▶ _Exercise goal_:
For this exercise, transcribe every line of the material exactly and skip the pictures.

▶ _Dataset excerpt_:
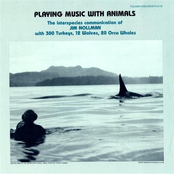 Playing Music With Animals: The Interspecies Communication Of Jim Nollman With 300 Turkeys, 12 Wolves, 20 Orca Whales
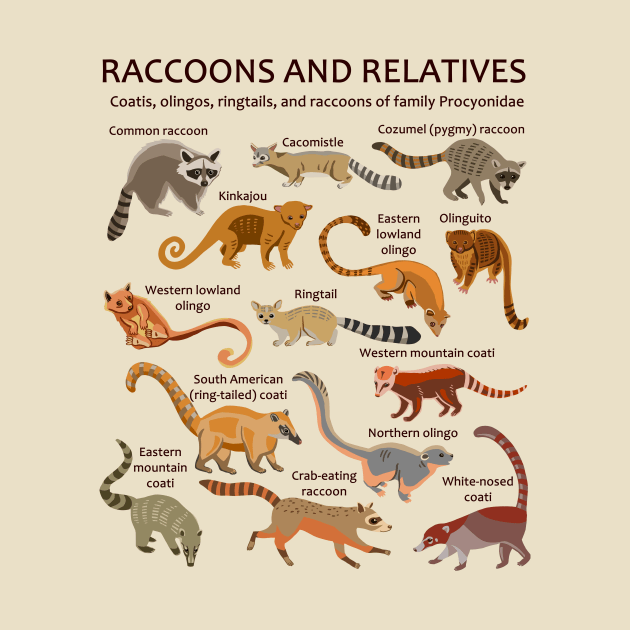 Raccoons and relatives: Coatis, olingos, ringtails, and raccoons (light background) by ELMayer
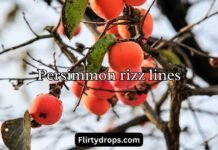 Persimmon rizz lines Persimmon rizz lines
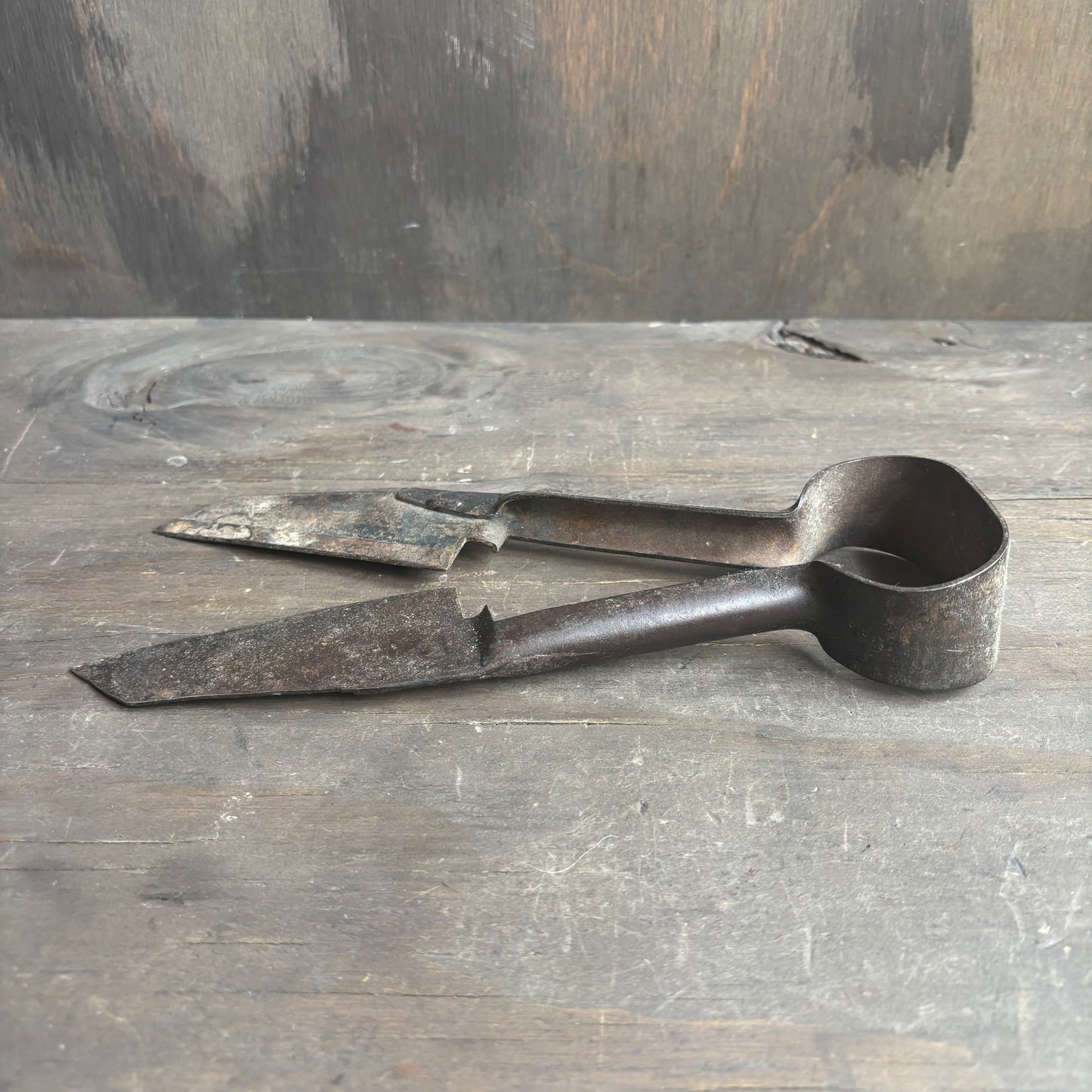 Antique Sheep Sheers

▶ _Answer box_:
 Playing Music With Animals: The Interspecies Communication Of Jim Nollman With 300 Turkeys, 12 Wolves, 20 Orca Whales
 Raccoons and relatives: Coatis, olingos, ringtails, and raccoons (light background) by ELMayer
 Persimmon rizz lines Persimmon rizz lines
 Antique Sheep Sheers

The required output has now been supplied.